Some Speech Perception Experiments 


Cooper, F. S., P. C. Delattre, A. M. Liberman, J. M. Borst and L. J. Gerstman (1952) Some Experiments on the Perception of Synthetic Speech Sounds. Journal of the Acoustical Society of America vol. 24, no. 6. 597-606.

Delattre, P. C., A. M. Liberman and F. S. Cooper (1955) Acoustic Loci and Transitional Cues for Consonants. Journal of the Acoustical Society of America vol. 27, no. 4. 769-773.

Miller, G. A. and P. E. Nicely (1955) An analysis of perceptual confusions among some English consonants. Journal of the Acoustical Society of America vol. 27, 338-352. Reprinted in J. L. Miller, R. D. Kent and B. S. Atal, eds. (1991) Papers in Speech Communication: Speech Perception. Acoustical Society of America.

Liberman, A. M., F. S. Cooper, D. P. Shankweiler, and M. Studdert-­Kennedy (1967) Perception of the speech code. Psychological Review 74 (6), 431-461.

Lisker, L. and A. S. Abramson (1970) The voicing dimension: some experiments in comparative phonetics. Proceedings of the Sixth International Congress of Phonetic Sciences, Prague, 1967. Reprinted in Miller et al. (1991).

1. Cooper et al. (1952)

Shortly after the invention of the sound spectrograph at Bell Telephone Laboratories, researchers at Haskins Laboratories invented one of the earliest speech synthesizers, "pattern playback". This had an opto-electronic read-head that enabled it to convert the pattern of light and dark areas on a spectrogram into the resonant frequencies of a synthesizer. As well as reading spectrograms of real speech, the Haskins teams conducted an important series of experiments with hand-drawn, stylized pseudo-spectrograms, in order to find out which details of the acoustic spectrogram were important for the correct identification of each kind of sound. In this paper they summarize the most important findings from several experiments.
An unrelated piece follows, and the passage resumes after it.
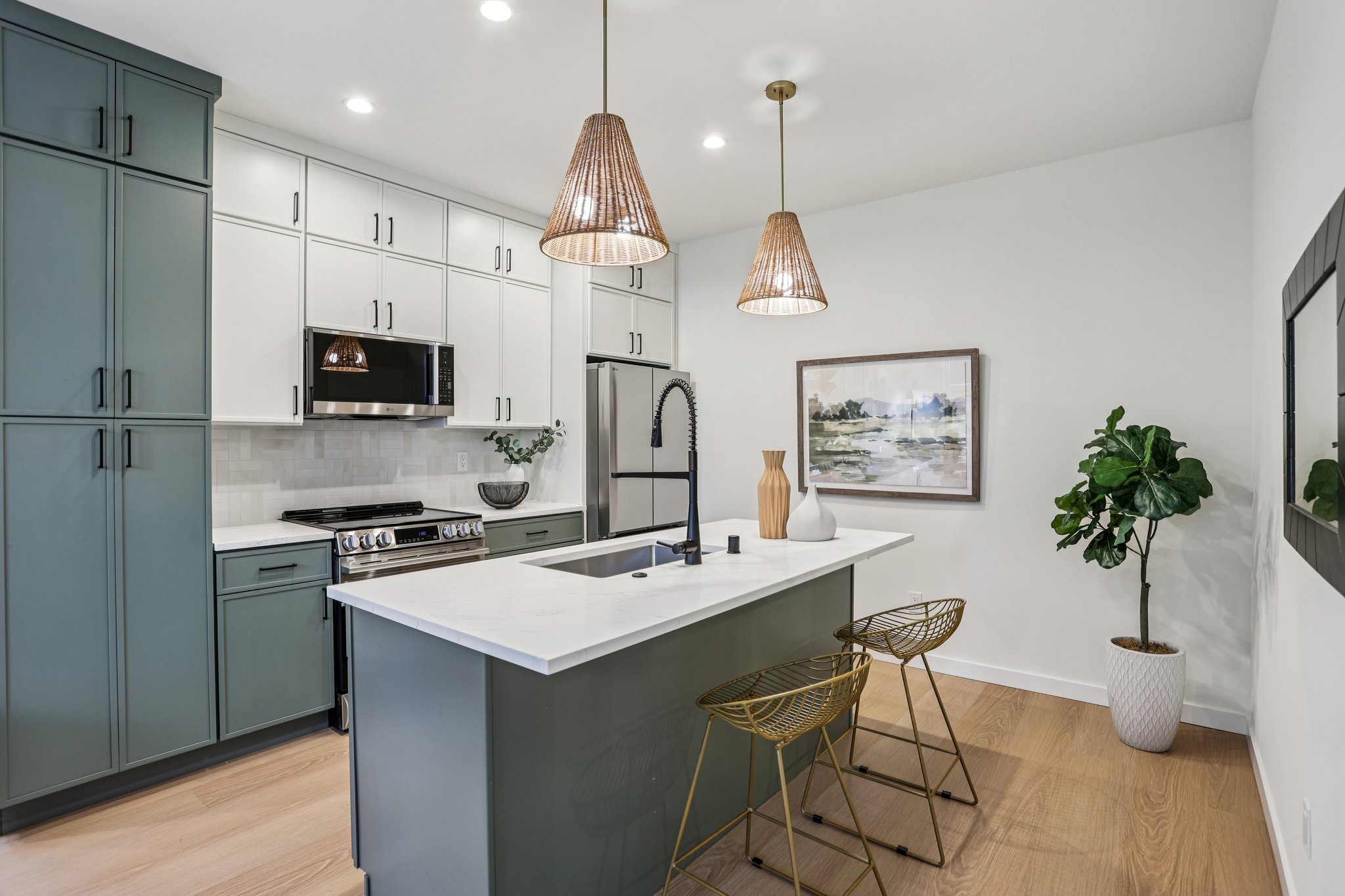 Stone Ave N-S2011-008.jpg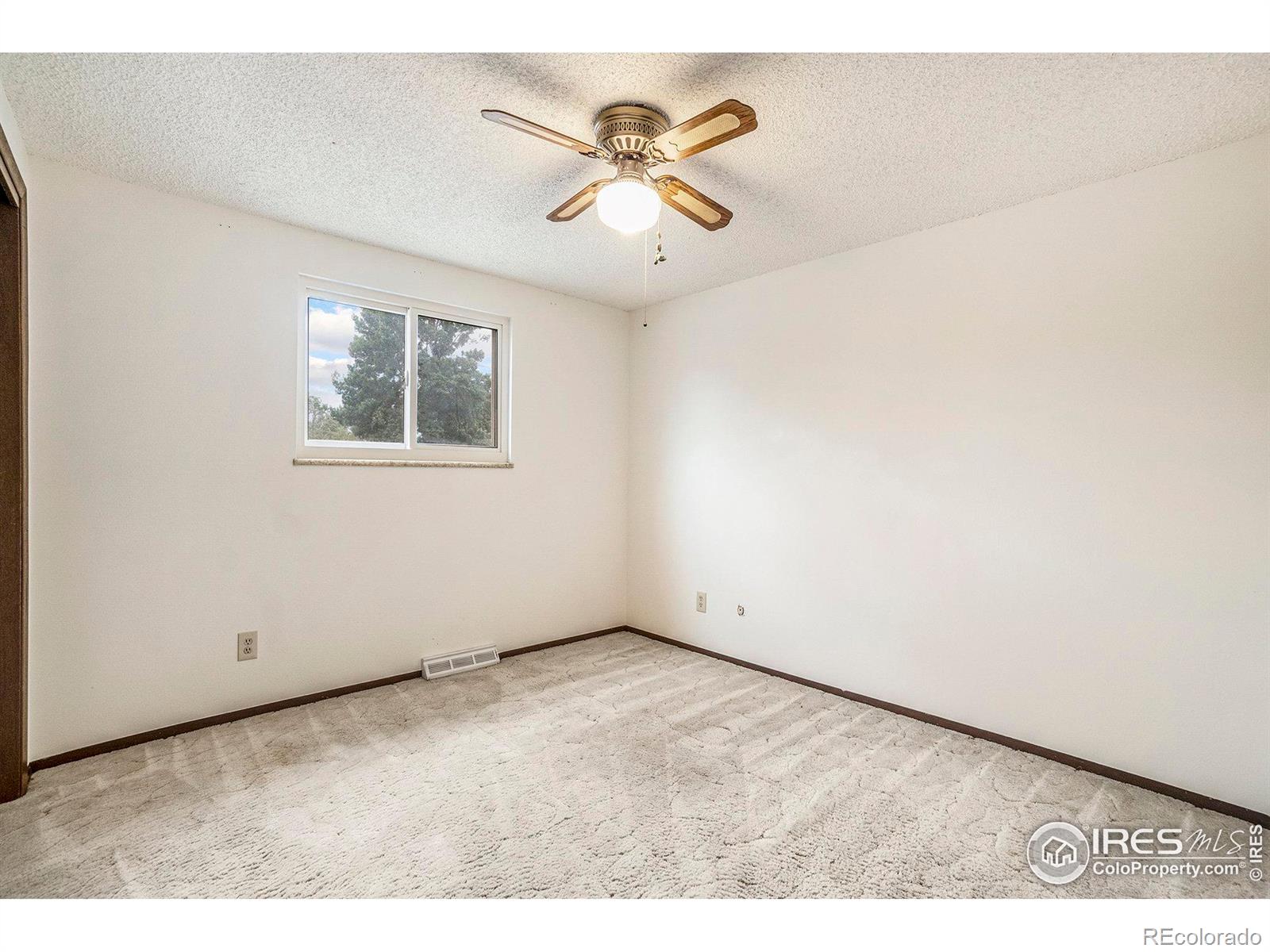 833 E 23rd Street, Loveland, CO 80538, 4 Bedrooms Bedrooms, ,3 BathroomsBathrooms,Residential,For Sale,23rd,RECIR1014501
1.1. Stop consonants followed by vowels: importance of noise burst frequency (figure 2)

"it appears that this one variable - the frequency position of the burst - provides the listener with a basis for distinguishing among p, t, and k. We see that high frequency bursts were heard as t for all vowels. Bursts at lower frequencies were heard as k when they were on a level with, or slightly above, the second formant of the vowel; otherwise they were heard as p. It is clear that for p and k the identification of the consonant depended, not solely on the frequency position of the burst of noise, but rather on this position in relation to the vowel."
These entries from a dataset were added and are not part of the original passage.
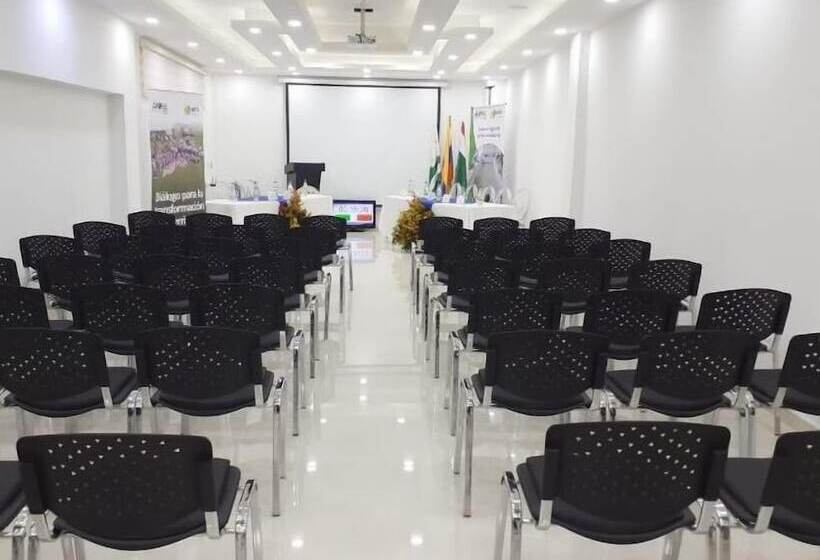 Отель Caquetá Real Hsc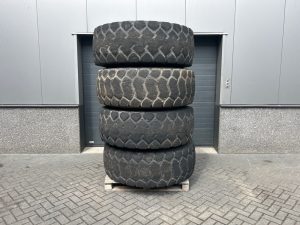 Hyundai HL757-Aeolus 20.5R25 (525/80R25)-Tire/Reifen/Band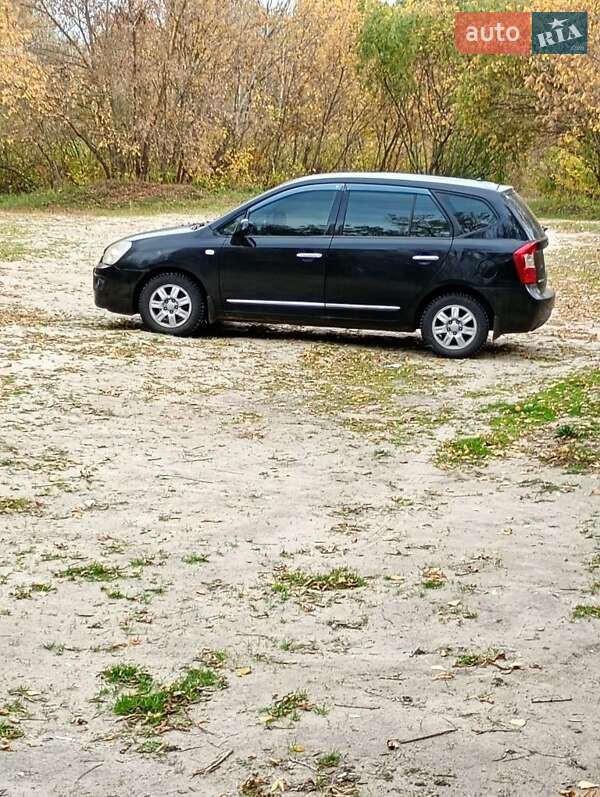 Минивэн Kia Carens 2008 в Полтаве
1.2. Stop consonants followed by vowels: importance of formant frequency transitions.

At the start of a vowel, rapid changes in the spectrogram are seen, reflecting the change in the sound as the vocal tract moves from the position appropriate to the consonant to the position appropriate to the vowel. Because these transitions are a short-lived and mechanical side-effect of the movement from the consonant to the vowel, they might be expected to be unimportant to perception. Cooper et al. discovered that this is not so: the direction of the transitions enables listeners to perceive the difference between different consonants. The shape of the first formant transition cues the voicing distinction, and the shape of the second formant transition relates to place of articulation, in a way that depends on the vowel. (This work was developed by Delattre et al. 1955)
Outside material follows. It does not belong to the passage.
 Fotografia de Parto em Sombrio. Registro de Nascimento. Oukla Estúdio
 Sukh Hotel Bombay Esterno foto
1.3. They also studied the spectrographic patterns of nasals, /l/ and vowels. For the nasals, similar transitions were observed for /m/, /n/ and /ŋ/ as for /b/, /d/, and /g/ in the previous experiments.

2. Delattre et al. (1955)

The earlier paper found that different second formant transitions are heard as stop consonants with different places of articulation. This paper explores that relationship more systematically. The three places of articulation (bilabial, alveolar and velar) are shown to be associated with three frequency regions - acoustic loci. "Since the articulatory place of production of each consonant is, for the most part, fixed, we might expect to find that there is correspondingly a a fixed frequency position - or "locus" - for its second formant ... the various transitions that produce the best d with each of the seven vowels do, in fact, appear to be coming from the same general region"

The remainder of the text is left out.